Fig. 4. HO-1 modulation and iron-bound transferrin are the key players in FMD-dependent sensitization to Vitamin C.

a, b Western blotting detection of HO-1 expression level in KRAS-mutant HCT116 (n = 4), CT26 (n = 4) and HCT116-derived tumor masses (n = 5 in Vit C and FMD + Vit C, n = 7 in Ad libitum and FMD) and KRAS-wild-type SW48 cancer cells (n = 4). VINCULIN as loading control. Representative blots and quantifications are shown. P values were determined by two-sided unpaired t-test. CT26: exact P values = 0.00002 (CTR vs STS), 0.00009 (CTR vs STS + Vit C). c Viability of DLD1, HCT116, and CT26 cells treated with STS with or without vitamin C, hemin (n = 3) or d zinc protoporphyrin (ZnPP; HCT116, n = 3; DLD1 and CT26, n = 4). P values were determined by two-sided unpaired t-test. HCT116 in (c): exact P value = 0.00005 (STS + Vit C vs STS + Hemin + Vit C), CT26 in (c): exact P value= 0.00001 (STS + Vit C vs STS + Hemin + Vit C). e Western blot (left) and viability (right) of HCT116 cells transfected with control siRNAs (siCTR) or anti-HO-1 siRNAs (siHO-1), n = 5. P values were determined by two-sided unpaired t-test. f Viability of HCT116 cells grown in STS medium with apo-transferrin (ApoTrf) or holo-transferrin (HoloTrf) with or without vitamin C (n = 4 in STS, n = 3 in ApoTrf and n = 5 in HoloTrf). P values were determined by two-sided unpaired t-test. Exact P value = 0.00000003 (STS + Vit C vs STS + HoloTrf + Vit C). g Quantification of transferrin bound iron in mouse blood serum (right) of HCT116-engrafted NSG mice fed ad libitum or subjected to FMD cycles, and treated with or without vitamin C (tumor growth, left). Black arrows indicate blood serum collection: upon the last FMD cycle and 24 h after refeeding (RF). P values were determined by two-sided unpaired t-test (n = 8 mice in Ad libitum, n = 7 in FMD, FMD + Vit C, Vit C, n = 3 in FMD RF, FMD + Vit C RF). All data are represented as mean ± SEM, n = independent experiments.
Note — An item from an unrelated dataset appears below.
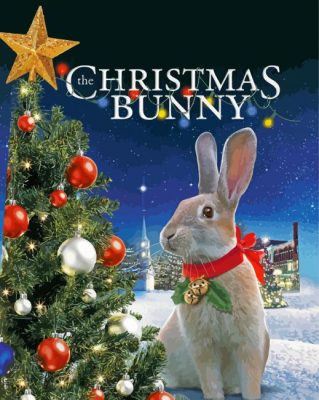 Christmas Bunny Poster Paint By Numbers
Fig. 5. FMD, vitamin C and OXP triple treatment delays tumor progression and extends survival.

NSG and BALB/c mice were subcutaneously injected with HCT116 cells and CT26 cells, respectively. Mice were fed ad libitum or subjected to FMD cycles, and treated with or without vitamin C or oxaliplatin (10 mg/kg). a HCT116 tumor progression (left) and volume at day 33 and 36 (right), respectively (n = 10 in Ad libitum, FMD, FMD + Vit C, Vit C + OXP, FMD + Vit C + OXP, n = 8 in FMD + OXP, n = 9 in OXP, n = 11 in Vit C). P values were determined by One-way ANOVA with Tukey’s post analysis (day 33) and two-sided unpaired t-test (day 36). Data are represented as mean ± SEM. b BALB/c with CT26 survival curves (n = 9 in Ad libitum, n = 10 in OXP, n = 12 in FMD + OXP and FMD + OXP + Vit C, n = 14 in OXP + Vit C and FMD + Vit C). P values were determined by Log-rank (Mantel-Cox) test (Ad libitum vs OXP, p = 0.0040; OXP vs FMD + Vit C, p = 0.7177; OXP vs FMD + OXP + VitC, p = 0.0114; FMD + OXP vs FMD + OXP + Vit C, p = 0.0488; OXP + Vit C vs FMD + OXP + Vit C, p = 0.0345; FMD + OXP + Vit C vs FMD + Vit C, p = 0.0003).